Selama masa pemerintahan SBY, perekonomian Indonesia memang
berada pada masa keemasannya. Indikator yang cukup menyita perhatian adalah
inflasi. Sejak tahun 2005-2009, inflasi berhasil ditekan pada single digit.
Dari 17,11% pada tahun 2005 menjadi 6,96% pada tahun 2009. Tagline strategi
pembangunan ekonomi SBY yang berbunyi pro-poor, pro-job, dan pro growth (dan
kemudian ditambahkan dengan pro environment) benar-benar diwujudkan dengan
turunnya angka kemiskinan dari 36,1 juta pada tahun 2005, menjadi 31,02 juta
orang pada 2010. Artinya, hampir sebanyak 6 juta orang telah lepas dari jerat
kemiskinan dalam kurun waktu 5 tahun. Ini tentu hanya imbas dari strategi SBY
yang pro growth yang mendorong pertumbuhan PDB.

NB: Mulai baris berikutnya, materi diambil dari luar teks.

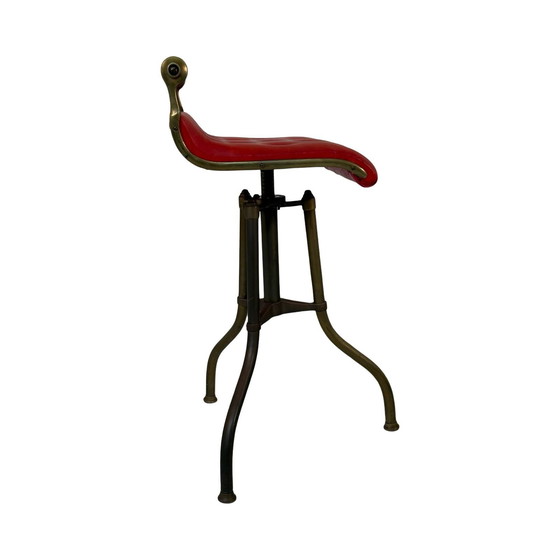 Image 1 of Antiker, zusammenklappbarer, gusseiserner Hocker mit kapitonierter Samtpolsterung. - Barbierstuhl'.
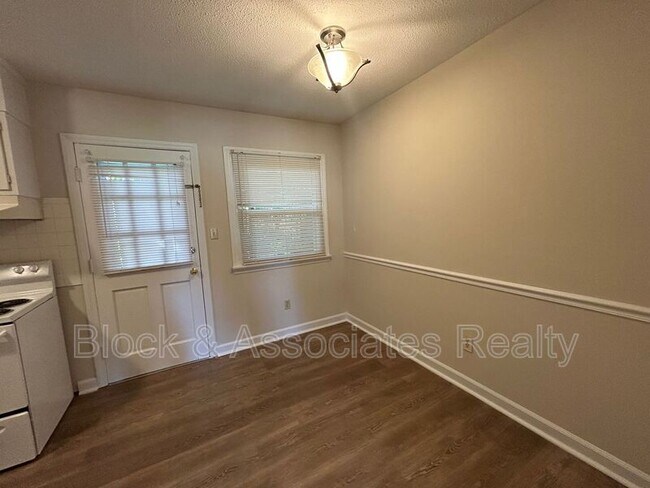 Building Photo - 522 S Cherry St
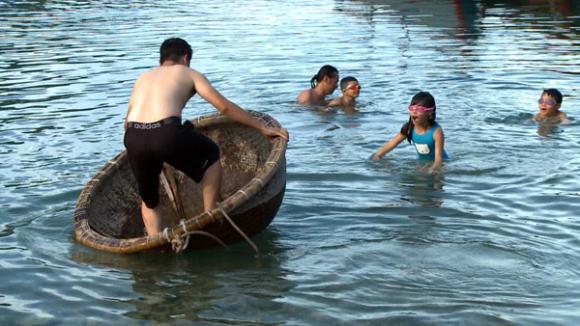 sao Việt, nhạc sĩ Minh Khang, ông xã Thúy Hạnh, vợ chồng Thúy Hạnh, Minh Khang than trời với nhiệm vụ bất khả thi, Bố ơi, mình đi đâu thế?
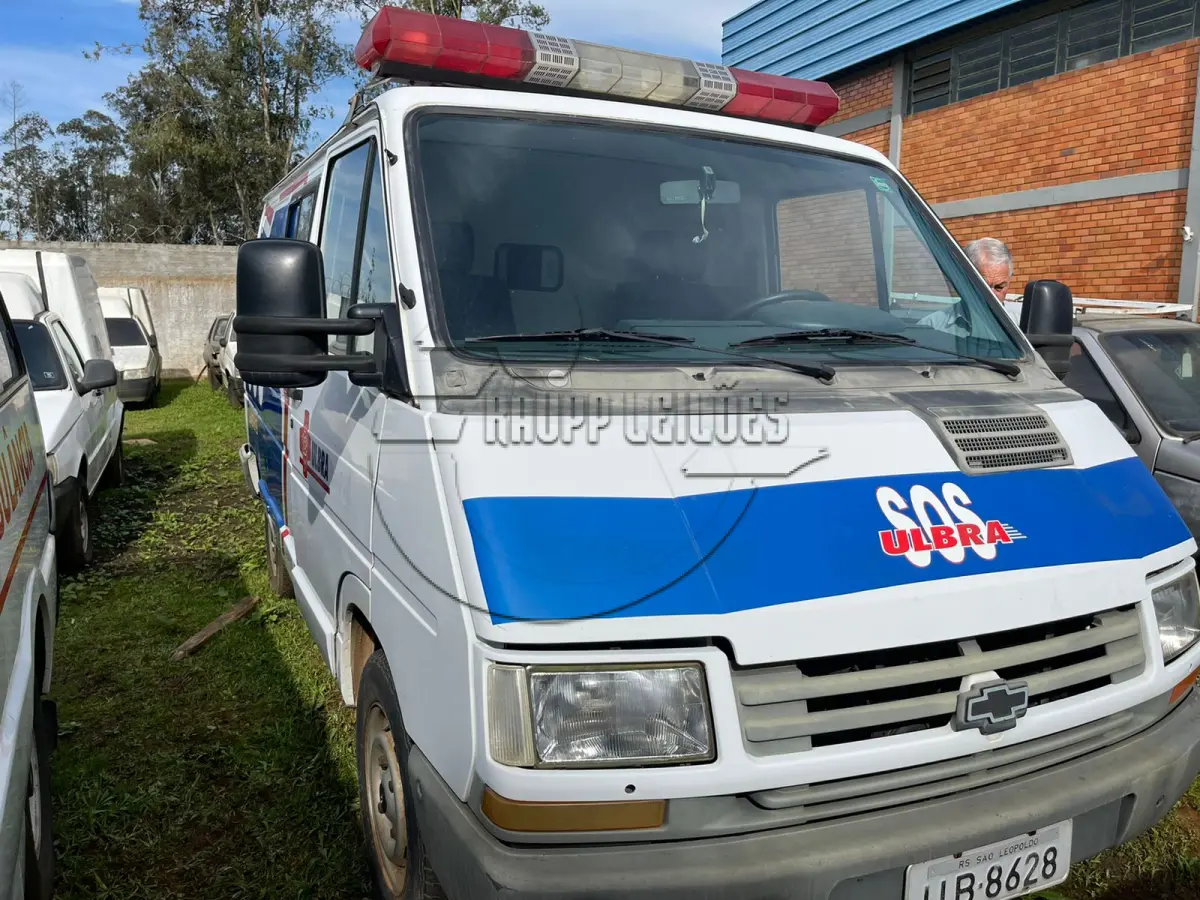 LOTE 004 - Uma camioneta IMP/GM Space ambulância
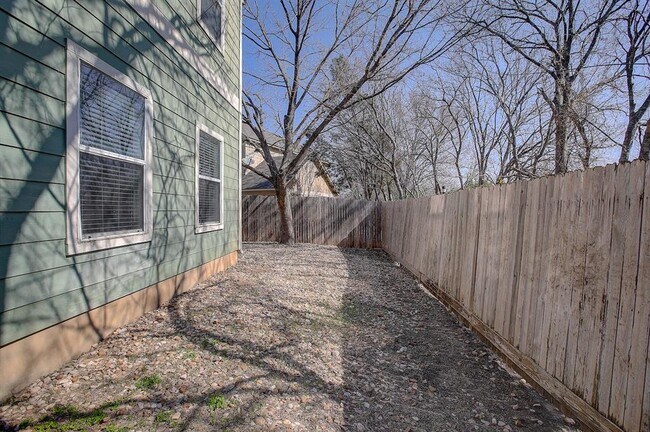 Photo - 1102 E 3rd St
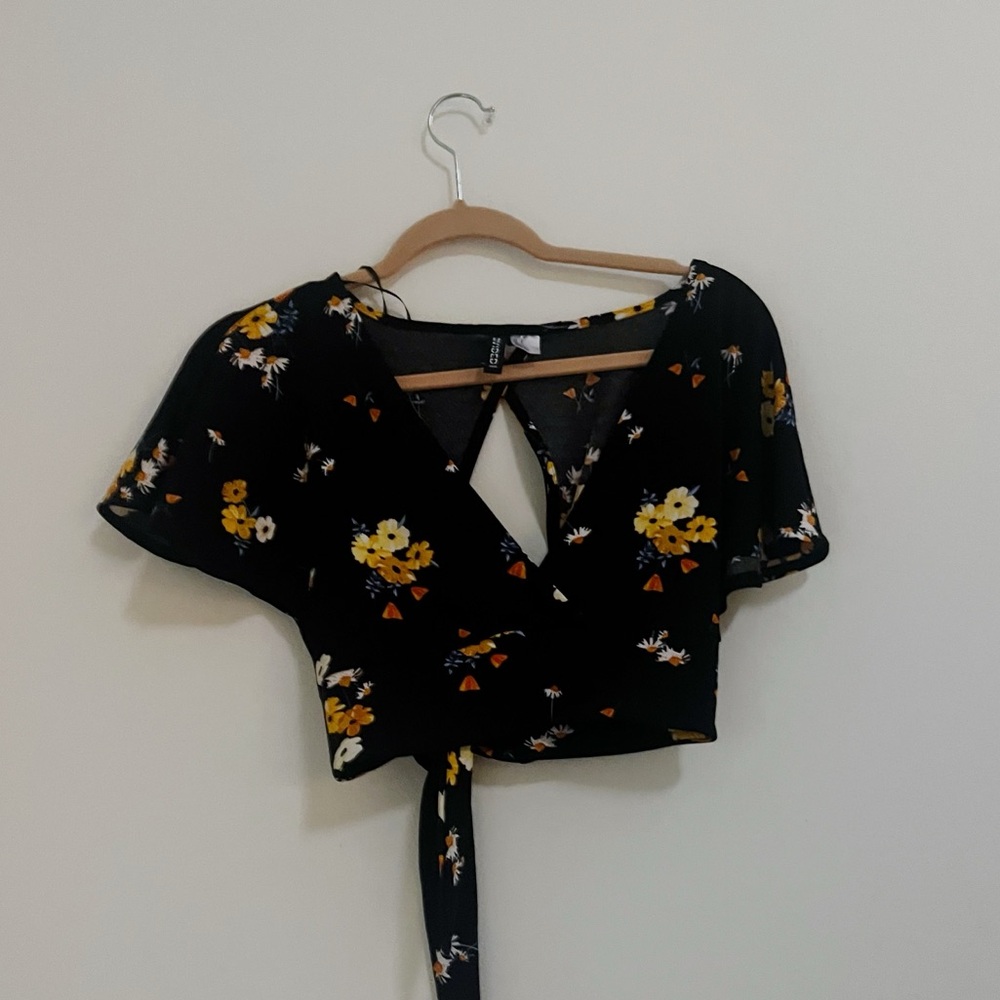 H&M Divided Crop Top Women’s Size Small, Black Floral Tie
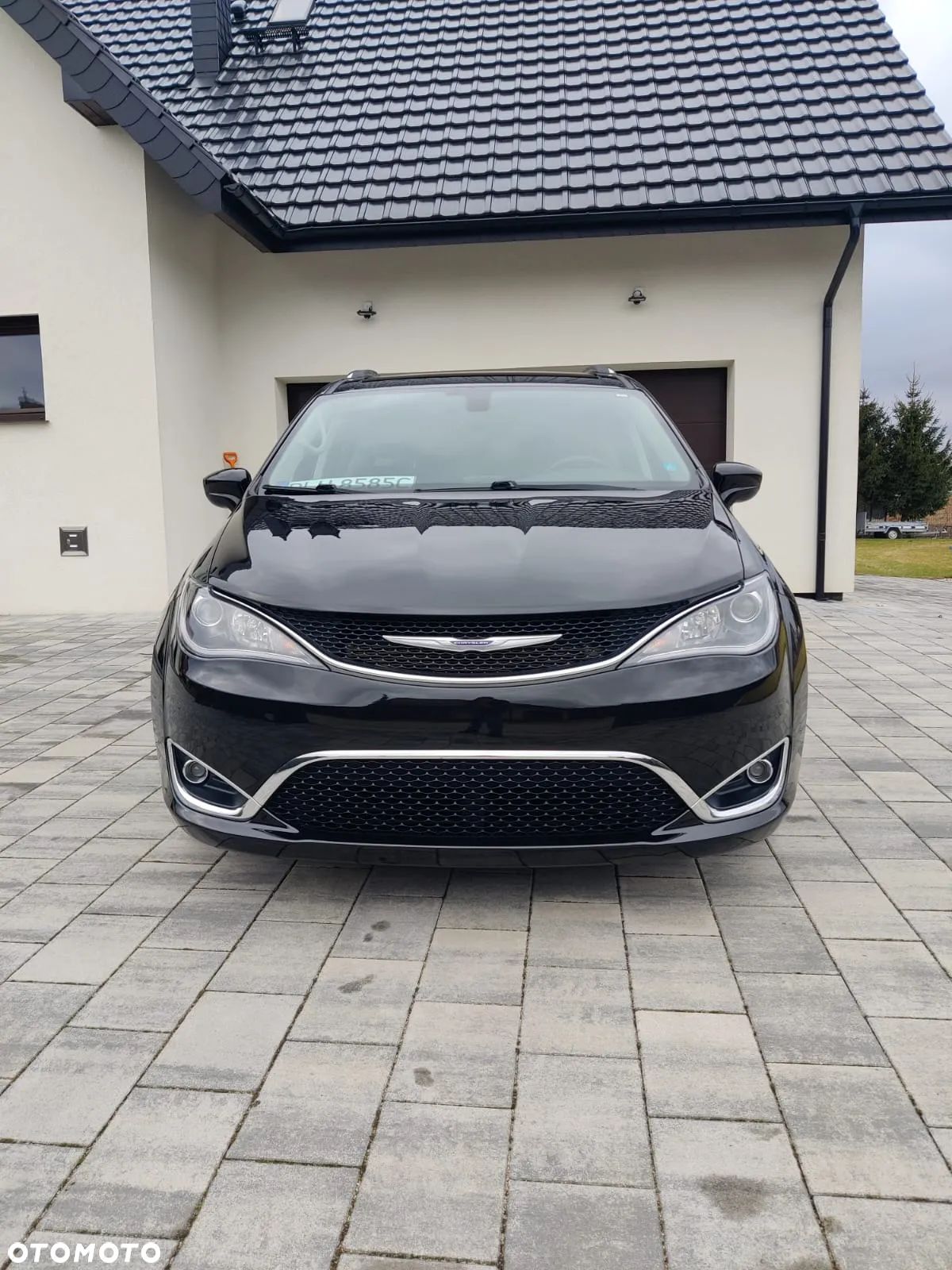 Chrysler Pacifica - 1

Imbas dari pertumbuhan PDB yang berkelanjutan adalah
peningkatan konsumsi masyarakat yang memberikan efek pada peningkatan kapasitas
produksi di sector riil yang tentu saja banyak membuka lapangan kerja baru. Memasuki
tahun ke dua masa jabatannya, SBY hadir dengan terobosan pembangunannya berupa
master plan Percepatan dan Perluasan Pembangunan Ekonomi Indonesia (MP3 EI).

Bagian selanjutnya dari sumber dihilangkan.